Records provided:
+ + +

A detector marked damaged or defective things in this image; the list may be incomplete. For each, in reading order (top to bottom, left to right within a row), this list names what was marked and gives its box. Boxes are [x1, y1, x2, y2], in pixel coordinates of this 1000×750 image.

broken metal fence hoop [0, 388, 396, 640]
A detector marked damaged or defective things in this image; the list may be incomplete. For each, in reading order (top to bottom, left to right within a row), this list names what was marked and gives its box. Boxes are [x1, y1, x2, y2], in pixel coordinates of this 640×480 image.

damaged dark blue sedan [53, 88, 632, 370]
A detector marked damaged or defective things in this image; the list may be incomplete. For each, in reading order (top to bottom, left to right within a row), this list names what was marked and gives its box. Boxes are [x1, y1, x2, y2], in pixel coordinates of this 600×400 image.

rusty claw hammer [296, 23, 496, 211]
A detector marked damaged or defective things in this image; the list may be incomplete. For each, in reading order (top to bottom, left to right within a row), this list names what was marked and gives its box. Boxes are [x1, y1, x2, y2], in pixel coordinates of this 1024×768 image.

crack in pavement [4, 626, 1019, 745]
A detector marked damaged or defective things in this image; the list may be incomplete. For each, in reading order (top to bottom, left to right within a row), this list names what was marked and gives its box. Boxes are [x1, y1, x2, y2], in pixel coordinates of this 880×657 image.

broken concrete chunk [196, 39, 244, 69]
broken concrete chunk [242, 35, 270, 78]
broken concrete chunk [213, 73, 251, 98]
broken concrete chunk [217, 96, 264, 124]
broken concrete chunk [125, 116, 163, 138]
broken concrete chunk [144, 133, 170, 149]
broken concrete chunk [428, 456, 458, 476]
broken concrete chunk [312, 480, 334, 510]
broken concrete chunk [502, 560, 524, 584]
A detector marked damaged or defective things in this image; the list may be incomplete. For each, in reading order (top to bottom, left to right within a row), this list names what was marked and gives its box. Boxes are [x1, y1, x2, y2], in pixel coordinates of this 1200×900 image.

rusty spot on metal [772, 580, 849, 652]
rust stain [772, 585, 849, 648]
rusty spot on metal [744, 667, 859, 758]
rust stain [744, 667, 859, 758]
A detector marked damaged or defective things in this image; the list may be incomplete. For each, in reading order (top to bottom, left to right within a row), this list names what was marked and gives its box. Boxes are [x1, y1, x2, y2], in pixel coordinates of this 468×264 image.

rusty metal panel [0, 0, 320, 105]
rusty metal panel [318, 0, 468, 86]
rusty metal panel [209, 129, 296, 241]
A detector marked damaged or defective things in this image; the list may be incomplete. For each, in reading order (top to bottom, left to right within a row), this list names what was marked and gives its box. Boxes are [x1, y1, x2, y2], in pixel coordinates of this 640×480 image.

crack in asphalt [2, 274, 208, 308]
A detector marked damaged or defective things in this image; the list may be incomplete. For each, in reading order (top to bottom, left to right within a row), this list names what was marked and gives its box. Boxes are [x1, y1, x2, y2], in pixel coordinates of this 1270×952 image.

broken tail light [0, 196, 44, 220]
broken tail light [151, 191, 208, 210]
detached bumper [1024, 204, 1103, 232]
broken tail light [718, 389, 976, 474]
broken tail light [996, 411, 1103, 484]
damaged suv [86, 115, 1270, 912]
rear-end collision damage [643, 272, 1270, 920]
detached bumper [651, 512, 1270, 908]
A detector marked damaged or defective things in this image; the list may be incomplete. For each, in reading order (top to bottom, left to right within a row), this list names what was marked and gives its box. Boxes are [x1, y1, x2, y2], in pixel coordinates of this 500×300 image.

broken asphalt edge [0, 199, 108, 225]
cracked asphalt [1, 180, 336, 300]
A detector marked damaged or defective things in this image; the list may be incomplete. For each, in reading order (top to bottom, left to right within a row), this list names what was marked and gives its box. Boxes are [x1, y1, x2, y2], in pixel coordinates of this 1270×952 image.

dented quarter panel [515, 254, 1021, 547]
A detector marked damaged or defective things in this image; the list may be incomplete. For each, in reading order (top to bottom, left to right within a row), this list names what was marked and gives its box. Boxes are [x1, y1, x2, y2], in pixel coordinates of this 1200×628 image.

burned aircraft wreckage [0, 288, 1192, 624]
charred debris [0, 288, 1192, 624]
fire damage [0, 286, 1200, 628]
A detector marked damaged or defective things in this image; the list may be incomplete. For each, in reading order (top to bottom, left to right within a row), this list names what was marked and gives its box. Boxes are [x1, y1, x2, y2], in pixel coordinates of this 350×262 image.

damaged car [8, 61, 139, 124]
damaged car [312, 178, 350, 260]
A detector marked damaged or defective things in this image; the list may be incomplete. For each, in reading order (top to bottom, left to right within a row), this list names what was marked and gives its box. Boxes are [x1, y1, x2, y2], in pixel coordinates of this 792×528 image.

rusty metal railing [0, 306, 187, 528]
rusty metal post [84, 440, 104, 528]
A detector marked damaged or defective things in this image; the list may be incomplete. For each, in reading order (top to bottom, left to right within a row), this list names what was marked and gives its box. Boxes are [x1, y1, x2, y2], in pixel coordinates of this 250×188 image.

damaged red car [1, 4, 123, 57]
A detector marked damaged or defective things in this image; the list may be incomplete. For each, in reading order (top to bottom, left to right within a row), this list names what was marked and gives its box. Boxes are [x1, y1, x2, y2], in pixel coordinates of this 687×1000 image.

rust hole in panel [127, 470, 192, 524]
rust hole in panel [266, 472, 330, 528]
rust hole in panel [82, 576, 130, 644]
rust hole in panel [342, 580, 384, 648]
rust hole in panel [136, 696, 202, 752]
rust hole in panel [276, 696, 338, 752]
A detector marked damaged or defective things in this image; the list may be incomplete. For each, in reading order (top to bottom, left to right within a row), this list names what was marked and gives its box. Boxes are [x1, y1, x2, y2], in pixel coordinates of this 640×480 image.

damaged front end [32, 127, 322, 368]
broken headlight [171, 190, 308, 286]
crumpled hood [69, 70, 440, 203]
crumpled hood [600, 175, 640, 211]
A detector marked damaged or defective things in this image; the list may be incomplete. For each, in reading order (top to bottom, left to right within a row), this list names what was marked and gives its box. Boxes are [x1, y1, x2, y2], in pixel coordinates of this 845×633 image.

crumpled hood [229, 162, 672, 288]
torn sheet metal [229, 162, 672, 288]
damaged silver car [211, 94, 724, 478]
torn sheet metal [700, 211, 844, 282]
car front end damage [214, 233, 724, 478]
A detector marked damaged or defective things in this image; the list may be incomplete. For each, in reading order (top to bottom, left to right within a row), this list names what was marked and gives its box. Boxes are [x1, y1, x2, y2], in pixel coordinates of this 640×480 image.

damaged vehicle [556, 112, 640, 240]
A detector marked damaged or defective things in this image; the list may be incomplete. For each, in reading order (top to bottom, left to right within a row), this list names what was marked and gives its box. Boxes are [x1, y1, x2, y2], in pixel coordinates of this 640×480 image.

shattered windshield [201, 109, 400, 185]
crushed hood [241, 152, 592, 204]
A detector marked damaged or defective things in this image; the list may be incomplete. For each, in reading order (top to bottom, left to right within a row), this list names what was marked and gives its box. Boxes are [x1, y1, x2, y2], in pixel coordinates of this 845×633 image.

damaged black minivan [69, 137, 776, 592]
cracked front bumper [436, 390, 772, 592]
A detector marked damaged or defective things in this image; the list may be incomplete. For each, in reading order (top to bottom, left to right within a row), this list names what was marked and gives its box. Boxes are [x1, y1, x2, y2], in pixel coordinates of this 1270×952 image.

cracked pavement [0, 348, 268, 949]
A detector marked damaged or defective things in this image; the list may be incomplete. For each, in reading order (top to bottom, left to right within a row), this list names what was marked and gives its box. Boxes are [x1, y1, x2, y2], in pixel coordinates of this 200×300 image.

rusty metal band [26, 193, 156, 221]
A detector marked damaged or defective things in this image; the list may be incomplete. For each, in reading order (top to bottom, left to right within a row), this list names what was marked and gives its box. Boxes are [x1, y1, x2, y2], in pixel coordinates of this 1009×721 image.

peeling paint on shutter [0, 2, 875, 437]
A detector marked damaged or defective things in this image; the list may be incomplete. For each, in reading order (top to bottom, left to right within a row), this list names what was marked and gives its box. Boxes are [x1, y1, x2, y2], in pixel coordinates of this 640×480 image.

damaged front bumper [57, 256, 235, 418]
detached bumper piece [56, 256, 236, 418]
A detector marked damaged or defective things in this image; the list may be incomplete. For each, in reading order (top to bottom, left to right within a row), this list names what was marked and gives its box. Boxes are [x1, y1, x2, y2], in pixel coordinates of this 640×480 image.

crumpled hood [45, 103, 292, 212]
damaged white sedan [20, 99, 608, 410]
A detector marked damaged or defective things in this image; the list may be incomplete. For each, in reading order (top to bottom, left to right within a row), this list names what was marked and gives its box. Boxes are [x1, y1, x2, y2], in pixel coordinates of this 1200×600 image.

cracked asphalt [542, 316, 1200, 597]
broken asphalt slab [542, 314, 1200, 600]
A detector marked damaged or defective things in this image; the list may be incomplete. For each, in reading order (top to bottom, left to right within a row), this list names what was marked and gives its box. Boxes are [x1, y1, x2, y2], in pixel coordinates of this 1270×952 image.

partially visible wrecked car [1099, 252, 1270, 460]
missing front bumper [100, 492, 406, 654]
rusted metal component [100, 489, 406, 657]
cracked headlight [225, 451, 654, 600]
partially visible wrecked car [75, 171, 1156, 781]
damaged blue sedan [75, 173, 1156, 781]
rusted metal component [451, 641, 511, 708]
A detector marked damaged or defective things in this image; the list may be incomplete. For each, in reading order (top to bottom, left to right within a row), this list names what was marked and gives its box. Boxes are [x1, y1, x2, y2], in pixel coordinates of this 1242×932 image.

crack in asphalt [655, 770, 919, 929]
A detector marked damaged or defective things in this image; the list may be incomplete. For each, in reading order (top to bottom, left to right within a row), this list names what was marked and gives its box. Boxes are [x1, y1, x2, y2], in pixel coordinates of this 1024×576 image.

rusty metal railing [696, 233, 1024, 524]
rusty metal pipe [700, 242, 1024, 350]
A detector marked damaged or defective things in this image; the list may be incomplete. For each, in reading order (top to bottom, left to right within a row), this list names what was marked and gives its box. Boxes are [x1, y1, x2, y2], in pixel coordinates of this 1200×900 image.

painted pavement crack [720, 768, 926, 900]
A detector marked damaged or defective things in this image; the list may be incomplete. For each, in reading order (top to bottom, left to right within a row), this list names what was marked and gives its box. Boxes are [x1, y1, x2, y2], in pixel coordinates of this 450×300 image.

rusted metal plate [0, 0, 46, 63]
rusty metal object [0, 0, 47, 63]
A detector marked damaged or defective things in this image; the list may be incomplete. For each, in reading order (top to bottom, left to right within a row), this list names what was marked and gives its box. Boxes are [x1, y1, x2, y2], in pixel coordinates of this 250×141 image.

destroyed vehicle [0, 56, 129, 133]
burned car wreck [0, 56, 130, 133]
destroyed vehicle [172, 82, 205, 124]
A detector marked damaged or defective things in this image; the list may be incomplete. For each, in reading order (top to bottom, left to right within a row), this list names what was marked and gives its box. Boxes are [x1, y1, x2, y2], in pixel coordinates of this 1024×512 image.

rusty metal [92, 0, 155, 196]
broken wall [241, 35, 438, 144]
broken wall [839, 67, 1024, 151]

+ + +

Work to be completed:
Set down the lines above exactly as written. Begin at the line containing "this 1024×512 image." and stop after the last line.

Reply to the exercise:
A detector marked damaged or defective things in this image; the list may be incomplete. For each, in reading order (top to bottom, left to right within a row), this list names what was marked and gives its box. Boxes are [x1, y1, x2, y2], in pixel coordinates of this 1024×512 image.

rusty metal [92, 0, 155, 196]
broken wall [241, 35, 438, 144]
broken wall [839, 67, 1024, 151]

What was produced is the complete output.